А вот нашему Дому точно не хватает красоты и утонченности, или как это говорят взрослые, эстетики? Он стоит прямо на берегу озера Страуб, с одной стороны обнесенный кладбищем, а с другой, неприступным лесом под названием Шварцвальд. До ближайшего города, как говорила тетя Астрид – целый час на повозке или половина дня пешком. Дорога такая ухабистая и неудобная, что идти по ней почти невозможно. Когда я был маленьким, я несколько раз убегал в лес, а однажды, даже сам не смог найти дорогу обратно. Меня привел прадедушка Ганс, тяжело опираясь на свое охотничье ружье.

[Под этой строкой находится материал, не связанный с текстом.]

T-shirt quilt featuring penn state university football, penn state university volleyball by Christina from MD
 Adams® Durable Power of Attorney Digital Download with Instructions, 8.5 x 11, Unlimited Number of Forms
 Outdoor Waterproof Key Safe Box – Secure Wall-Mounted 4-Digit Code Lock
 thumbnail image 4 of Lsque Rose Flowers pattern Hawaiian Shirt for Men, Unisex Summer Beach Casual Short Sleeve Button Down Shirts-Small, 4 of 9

А что до красоты, то сам дом просто огромен. И построен как-то совсем странно. Если смотреть на него с севера, то можно насчитать шестнадцать этажей. Если с юга – всего восемь. Если заходить с востока – двенадцать, а с севера – только один этаж. Черный, как крепостная стена на картинках в книгах. С одинокой бойницей посредине. И какая тут может быть красота?

Бабушка Анна считает этажи иначе. Как говорит Папа, она просто зациклилась на своем Боге, и поэтому перестала считать первый этаж, ибо первый для каждого – это Бог, третий, ибо это число перекликается со Святой Троицей, шестой – ибо шесть число Зверя, седьмой – ибо семь Божественное число, восьмой – ибо восемь ей напоминает символ бесконечности, девятый, ибо девять – это перевернутая шесть и тринадцатый, ибо число тринадцать приносит несчастья. В результате выходит девять этажей, да Подвал. Итого – десять. У нее все всегда просто.

Бабушка Анна всегда хочет помочь. И всегда молится. И всегда смотрит прямо в глаза.

Снаружи дом оброс окнами, бойницами, просветами и щелями, окутался лестницами, переходами и балконами, покрылся мхом и вьюнами. На самом деле, вьюны смотрятся неплохо – они закрывают гнилые доски и камни, поэтому летом Дом приобретает совсем другой вид. Можно не обращать внимания на этажи, но есть и то, что никак нельзя не заметить: широкий сверху, он сужается к основанию, словно пирамиду из Египта перевернули вверх тормашками и воткнули в прибрежную грязь Страуба. Верхние этажи насчитывают по восемь-десять комнат, а нижние – одну или две. Странно строили дома в прежние времена. Я такого никогда не видел даже в городе.

Изнутри дела тоже не лучше – к примеру, из окон четвертого этажа всегда виден внутренний двор, хотя они смотрят во все стороны света, а из седьмого – видно только кладбище. И только ночное, в какое бы время суток ты не посмотрел наружу. Мама говорит, что это только обман зрения, а Папа утверждает, что все дело в зеркальных стеклах, которые преломляют солнечный свет. Не знаю, кто из них прав, и что такое эти зеркальные стекла, тоже.

– Совсем скоро, сынок, и ты построишь свой этаж в нашем Доме, – говорит мне Папа и улыбается, так и не заметив, как я увлекся собственными мыслями, – Ты рад этому, сынок? Слышишь меня?

– Слышу, папа, – говорю я, стараясь выдавить улыбку, – Конечно, рад.